Deep domain adaptation
Domain adaptation is a sub-theme of transfer learning that aims to migrate from a source domain with sufficient labeling information to a target domain with a large amount of unlabeled or little labeled data by minimizing domain differences27,28,29. Domain adaptation can mitigate the detrimental effects of domain drift that occurs when knowledge is migrated from a source to a target by facilitating migration with models in different but related domains that share the same label space30,31. Several studies have also attempted to apply domain adaptation ideas to graph-structured data. The CDNE32 algorithm learns transferable node embeddings for cross-network learning tasks by minimizing the maximum mean difference (MMD) loss. But its modeling capability is limited. The AdaGCN algorithm33 uses graph convolutional networks as feature extractors to learn node representations and uses adversarial learning strategies to learn domain-invariant node representations. But it ignores the semantic information contained in the target domain samples. The UDA-GCN algorithm26 works similarly to ours, using a composite framework in order to achieve knowledge adaption between graphs. But it studies the problem of graph domain adaptation in unsupervised scenarios.

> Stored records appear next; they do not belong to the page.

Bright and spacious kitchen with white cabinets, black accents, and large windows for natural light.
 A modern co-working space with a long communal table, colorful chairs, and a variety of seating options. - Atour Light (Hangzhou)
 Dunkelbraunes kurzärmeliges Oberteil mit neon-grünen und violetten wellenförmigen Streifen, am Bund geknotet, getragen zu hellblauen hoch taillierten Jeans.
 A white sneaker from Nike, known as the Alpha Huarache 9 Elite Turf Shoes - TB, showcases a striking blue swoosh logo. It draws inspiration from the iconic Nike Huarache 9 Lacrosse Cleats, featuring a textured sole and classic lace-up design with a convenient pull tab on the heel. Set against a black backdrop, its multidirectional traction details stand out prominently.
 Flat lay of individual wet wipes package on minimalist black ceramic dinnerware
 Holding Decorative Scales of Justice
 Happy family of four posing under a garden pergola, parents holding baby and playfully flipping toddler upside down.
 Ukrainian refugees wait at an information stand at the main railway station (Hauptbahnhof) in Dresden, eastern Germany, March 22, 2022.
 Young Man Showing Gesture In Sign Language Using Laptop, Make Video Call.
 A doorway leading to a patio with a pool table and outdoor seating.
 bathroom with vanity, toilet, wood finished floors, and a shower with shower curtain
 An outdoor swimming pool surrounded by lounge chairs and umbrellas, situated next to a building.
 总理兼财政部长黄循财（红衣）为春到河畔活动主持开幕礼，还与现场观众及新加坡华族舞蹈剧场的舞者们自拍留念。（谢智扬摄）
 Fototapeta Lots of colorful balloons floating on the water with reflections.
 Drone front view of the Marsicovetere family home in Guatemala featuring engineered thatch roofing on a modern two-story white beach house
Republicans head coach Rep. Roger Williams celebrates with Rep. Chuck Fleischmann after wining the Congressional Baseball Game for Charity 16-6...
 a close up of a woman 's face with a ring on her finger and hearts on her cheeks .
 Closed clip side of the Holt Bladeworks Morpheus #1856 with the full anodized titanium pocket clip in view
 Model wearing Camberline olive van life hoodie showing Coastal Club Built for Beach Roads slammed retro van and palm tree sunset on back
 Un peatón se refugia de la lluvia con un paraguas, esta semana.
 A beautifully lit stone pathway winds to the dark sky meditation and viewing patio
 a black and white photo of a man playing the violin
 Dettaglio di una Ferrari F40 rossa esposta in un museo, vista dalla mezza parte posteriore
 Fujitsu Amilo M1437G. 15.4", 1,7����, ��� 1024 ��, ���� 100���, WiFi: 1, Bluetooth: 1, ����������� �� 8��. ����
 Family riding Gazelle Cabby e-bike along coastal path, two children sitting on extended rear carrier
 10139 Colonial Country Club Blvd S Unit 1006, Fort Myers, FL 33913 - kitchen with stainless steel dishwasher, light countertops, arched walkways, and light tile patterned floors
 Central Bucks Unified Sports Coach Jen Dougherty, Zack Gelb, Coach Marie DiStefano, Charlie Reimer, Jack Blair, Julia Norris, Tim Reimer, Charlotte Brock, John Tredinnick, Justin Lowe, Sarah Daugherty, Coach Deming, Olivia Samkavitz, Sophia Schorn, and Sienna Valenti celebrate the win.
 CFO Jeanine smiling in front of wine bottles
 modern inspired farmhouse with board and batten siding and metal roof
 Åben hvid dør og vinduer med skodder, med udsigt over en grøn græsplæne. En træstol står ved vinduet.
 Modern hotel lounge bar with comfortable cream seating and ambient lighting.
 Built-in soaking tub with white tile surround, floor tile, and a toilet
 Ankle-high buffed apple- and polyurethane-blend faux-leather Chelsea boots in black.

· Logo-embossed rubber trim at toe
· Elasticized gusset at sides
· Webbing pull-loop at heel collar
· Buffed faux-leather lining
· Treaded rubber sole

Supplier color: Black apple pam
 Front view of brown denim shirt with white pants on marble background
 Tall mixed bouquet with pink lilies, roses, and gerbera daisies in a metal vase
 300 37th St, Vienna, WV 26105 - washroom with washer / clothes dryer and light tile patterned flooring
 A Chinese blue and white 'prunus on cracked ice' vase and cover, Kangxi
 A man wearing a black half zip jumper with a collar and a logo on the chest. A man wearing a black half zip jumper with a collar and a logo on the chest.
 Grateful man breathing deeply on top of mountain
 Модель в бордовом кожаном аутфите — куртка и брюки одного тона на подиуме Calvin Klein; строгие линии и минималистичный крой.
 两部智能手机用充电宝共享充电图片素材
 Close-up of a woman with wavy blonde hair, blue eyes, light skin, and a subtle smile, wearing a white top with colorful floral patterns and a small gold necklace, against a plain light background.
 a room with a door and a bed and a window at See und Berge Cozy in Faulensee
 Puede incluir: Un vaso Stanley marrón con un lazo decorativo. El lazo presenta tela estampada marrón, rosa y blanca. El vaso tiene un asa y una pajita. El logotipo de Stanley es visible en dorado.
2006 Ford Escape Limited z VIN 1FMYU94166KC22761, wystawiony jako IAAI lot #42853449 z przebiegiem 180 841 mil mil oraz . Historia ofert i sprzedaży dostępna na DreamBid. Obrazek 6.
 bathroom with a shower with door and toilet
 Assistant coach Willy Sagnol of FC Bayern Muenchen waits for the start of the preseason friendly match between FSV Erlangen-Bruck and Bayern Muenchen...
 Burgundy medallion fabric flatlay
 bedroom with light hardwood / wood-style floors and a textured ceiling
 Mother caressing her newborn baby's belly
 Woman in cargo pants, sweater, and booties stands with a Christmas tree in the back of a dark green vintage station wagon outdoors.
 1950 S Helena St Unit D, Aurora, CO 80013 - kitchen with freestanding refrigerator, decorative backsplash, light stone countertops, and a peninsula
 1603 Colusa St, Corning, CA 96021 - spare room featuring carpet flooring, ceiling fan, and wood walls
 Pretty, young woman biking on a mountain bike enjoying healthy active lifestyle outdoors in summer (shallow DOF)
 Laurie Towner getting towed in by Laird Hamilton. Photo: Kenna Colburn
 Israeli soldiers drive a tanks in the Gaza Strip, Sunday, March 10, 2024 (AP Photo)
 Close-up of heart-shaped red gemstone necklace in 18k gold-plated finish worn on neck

Point-by-point mutual information matrix
Mutual information measures the amount of information contained in a given random variable about another random variable. It involves the reduction of uncertainty in one random variable due to the presence of another random variable. Assuming that the two random variables are independent, point-by-point mutual information (PMI) measures the difference between the co-occurrence probability of the marginal distribution given X and Y and the co-occurrence probability given their joint distribution34. The PMI metric performs well in semantic similarity tasks.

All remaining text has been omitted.